The Air Force has proposed Iron Bow Technologies of Chantilly, Va. and three others for debarment, and suspended them from receiving new government contracts and subcontracts.
The Air Force listed Iron Bow; Advanced C4 Solutions of Warner Robbins, Ga.; Superior Communications Solutions Inc. of Moultrie, Ga.; and one individual on the excluded parties list system Oct. 24.
“The leadership team at Iron Bow is actively working with the government to quickly resolve the matter,” said Rene LaVigne, president and CEO of Iron Bow Technologies, in an email to Federal News Radio.
Iron Bow did not specify why it and the other companies had been suspended by the Air Force.
Calls to Advanced C4 Solutions and Superior Communications Solutions also were not returned.
Air Force alleges conflict of interest, unfinished work
The Air Force said in its memo of proposed debarment that the companies violated conflict-of-interest rules by helping develop the requirements for an IT and furnishings project for the Jones and Smart Buildings located at Joint Base Andrews and then bidding on the solicitation to do the work.
AC4S was the prime contractor and SCSI and Iron Bow were the subcontractors, the Air Force alleges.
Iron Bow also won several contracts to provide audio-visual equipment and furnishings for the same buildings a few months later.
“AC4S, SCST and Iron Bow set the standards against which they would be measured in a manner that is impermissible under government contracting rules,” the Air Force complaint stated. “Even though AC4S, SCSI and Iron Bow improperly developed their own contract requirements, subjects failed to meet their own requirements. For example, despite requirements to provide mission critical information technologies to more than 2,200 personnel, within the first two months after the building opened, a review by an unaffiliated contractor discovered 14 critical findings, 19 major findings and seven minor findings that impacted the overall security, access to and performance of the IT network in the Jones and Smart buildings.”
The Air Force said the companies also have stopped working on the contracts and have left the job site without finishing the work under the contract.
“Since that time, subjects have been unwilling to provide operational manuals or source-code data to permit the Air Force to begin to correct subjects’ work, causing substantial harm to the Air Force,” the service wrote. “As one example, because IT systems at the Jones and Smart buildings remain unfinished, the audio visual and teleconference systems capability are not functioning.”
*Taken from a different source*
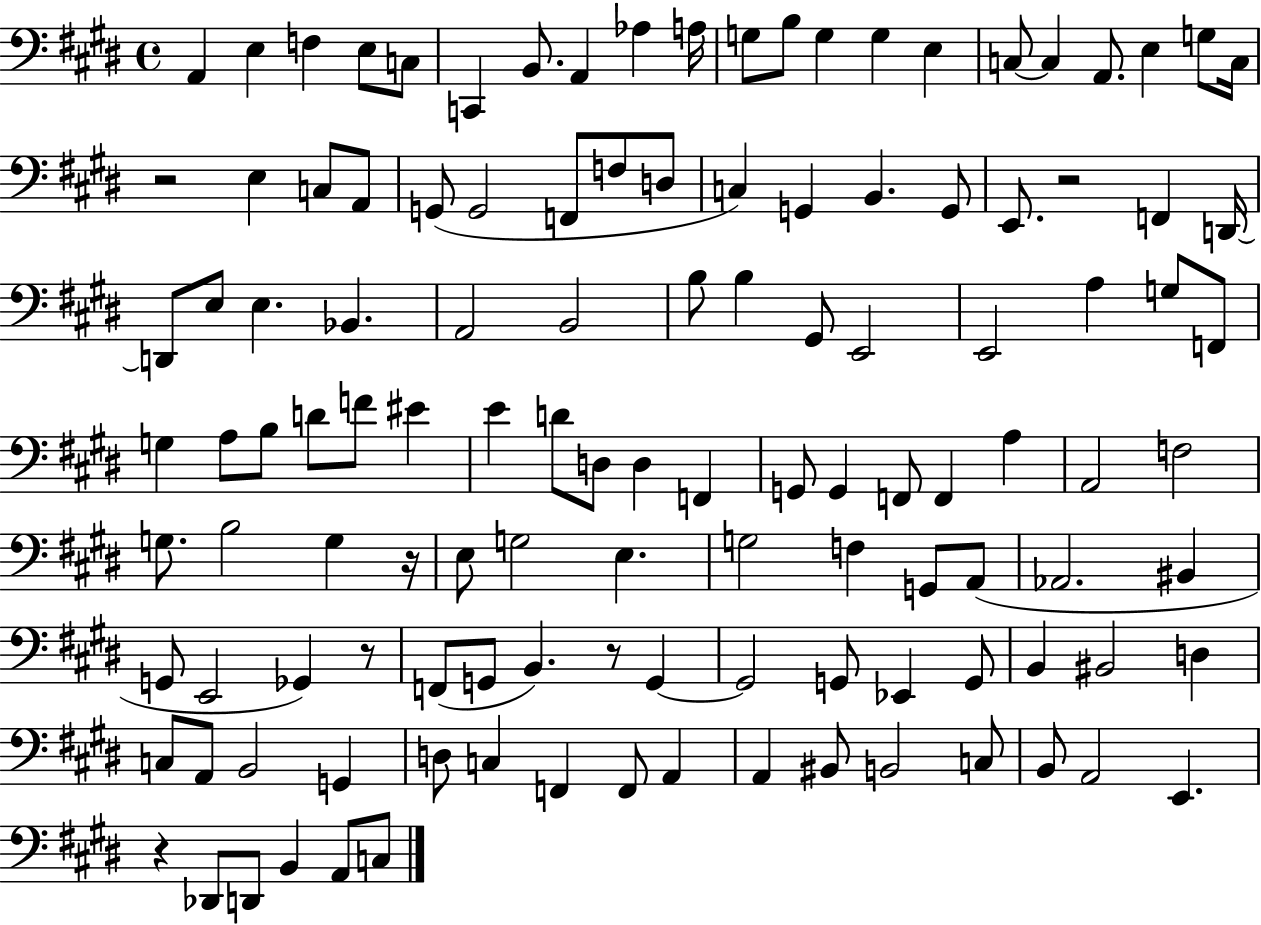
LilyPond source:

The companies must plead their case before the Air Force debarring official hearing to either lift the suspension or have the government make a decision on a final debarment period, which is usually three years. Regulations allow for the agency to suspend a company for up to a year.
The companies can continue to provide services they are currently under contract for during the suspension period.
In fiscal-year 2012, so far, Iron Bow has received more than $892,000 in prime contracts, according to the USASpending.gov site. It has received 13 contracts from the Veterans Affairs Department and six from the Department of Health and Human Services.
In 2011, Iron Bow received almost $200 million in federal contracts, more than half of which came from the Defense Department, according to the USASpending site.
On its website, Iron Bow lists among its clients the Army, the Air Force and the Navy as well as the Homeland Security, Commerce, Education and Agriculture Departments and several independent and small agencies. It holds a host of multiple award contracts, including the Army’s ITES-2H, NASA SEWP IV, Air Force Netcents and a General Services Administration IT schedule.
Advanced C4 Solutions received 88 prime contracts in 2011 worth more than $14 million, most of which came from DoD. The company is an 8(a) firm and holds multiple award contracts from the Army, ITES-2S, ENCORE II and Seaport-e, according to its website.
Superior Communications Solutions received 20 contracts last year worth more than $3.6 million, including 11 from DoD and six from VA. The company is on the Seaport-e contract and, on its website, describes itself as a subcontractor with Iron Bow on six multiple-award contracts.